Ellen Phelan
There’s no age of innocence in Ellen Phelan’s paintings of dolls. She has joined those artists who see the miniaturized and the mannequin as stand-ins for imaginary scenarios. From Hans Bellmer’s fetishistic poupées to Jeff Koons’ glazed trophies of the mass media, the passive hand-held plaything has often greased the mechanism of our fantasies.
What’s so eerie about Phelan’s little figures is the scumbled ambience muffling their definition. They’re like family members in fuzzy photographs whose identities ought to be obvious, yet remain irretrievable. The power of Phelan’s small personnae is inseparable from their envelopment in shadows: the webs of paint that arrest them become the sum and substance of their small efforts to penetrate their surroundings. Phelan also builds on the theatricality of such unlikely forebears as Velázquez’s Las Meninas and Sargent’s The Daughters of Edward Darley Boit.
In Overheard: The Conversation, 1991, a grisaille painting, Phelan’s but-ton-faced lad is trapped in the light as he leans toward three figures who are shrouded in darkness. The silence in Phelan’s works, despite titles like Applause and Rehearsal is dense—they provide a temporal, visual, and nearly tactile experience.
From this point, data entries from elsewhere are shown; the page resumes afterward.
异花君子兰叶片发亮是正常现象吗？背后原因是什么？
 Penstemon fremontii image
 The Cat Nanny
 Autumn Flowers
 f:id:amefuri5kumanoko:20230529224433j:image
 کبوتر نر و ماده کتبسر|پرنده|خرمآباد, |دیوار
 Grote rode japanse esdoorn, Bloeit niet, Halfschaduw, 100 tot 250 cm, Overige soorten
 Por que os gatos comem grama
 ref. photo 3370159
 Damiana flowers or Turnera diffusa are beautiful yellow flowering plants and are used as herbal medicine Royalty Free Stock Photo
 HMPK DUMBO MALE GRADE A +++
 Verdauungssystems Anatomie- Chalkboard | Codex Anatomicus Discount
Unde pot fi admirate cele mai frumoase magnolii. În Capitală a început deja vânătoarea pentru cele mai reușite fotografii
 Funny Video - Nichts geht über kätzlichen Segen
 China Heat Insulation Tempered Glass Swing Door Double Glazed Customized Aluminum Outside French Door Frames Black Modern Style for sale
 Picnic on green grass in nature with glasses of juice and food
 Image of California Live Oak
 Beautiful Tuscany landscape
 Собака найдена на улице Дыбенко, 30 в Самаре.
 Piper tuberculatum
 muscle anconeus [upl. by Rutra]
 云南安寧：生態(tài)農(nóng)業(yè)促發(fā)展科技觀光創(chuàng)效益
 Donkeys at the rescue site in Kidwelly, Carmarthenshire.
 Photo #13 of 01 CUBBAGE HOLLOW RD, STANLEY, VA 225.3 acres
Like episodes from lost narratives they have the poignancy and familiarity of dreams, which is unusual in today’s painting.
The women’s heads in Laughing Shadow II, 1993, and the two versions of My Mother’s Sorrow, 1993, recall Eakins, and even Edvard Munch. Graphically, they have the power of great character studies in which a few strokes seem to embody the subject’s spiritual strength. But Phelan blots them with black patterns like spreading birthmarks or silhouettes of alter egos—or she confronts them with dark pools in which their reflections fade to indistinction. This unsentimentalized empathy with repressed emotions, and the suggestion of a ferocity of spirit, animates the Goyaesque image of The Protecting Mother: Esmeralda, 1993, done entirely with red washes resembling nothing so much as blood, as if a wound of memory were continually scrubbed clean. A queenly figure faces us, her enormous skirt harboring a diminuitive girl. One is reminded of the violence in the movie, The Piano, 1993, in which the hoopskirt was variously a sheltering tent, a feminine bulwark, and an elaborate filter for forbidden sex.
Phelan says that she paints what she sees. She also seeks to capture the auras of particular places. Her landscapes have a formal reductiveness and deceptive Opacity, their spatial depth and specific detail refined, and refined again, by a symbolist sensibility. Light is portrayed delicately with a misty translucency, however, which in the sea and water paintings makes us feel adrift. And in Rome: Forest of Pines, 1991, a subtle transubstantiation seems to occur. Tall brown shafts of stately tree trunks partition a golden field (overpainted on a high-noon-blue sky); without any obvious illusionistic tricks they become a tripartite hay window with diaphanous curtains linked to shadowy furniture below and an overarching vault above. Rome (try “Room”) induces reverie—an awareness of times past thoroughly permeating the present, which underscores Phelan’s Jamesian perception of the darkness that lurks at the edge of nostalgia, romantic culture, and the world of elegance.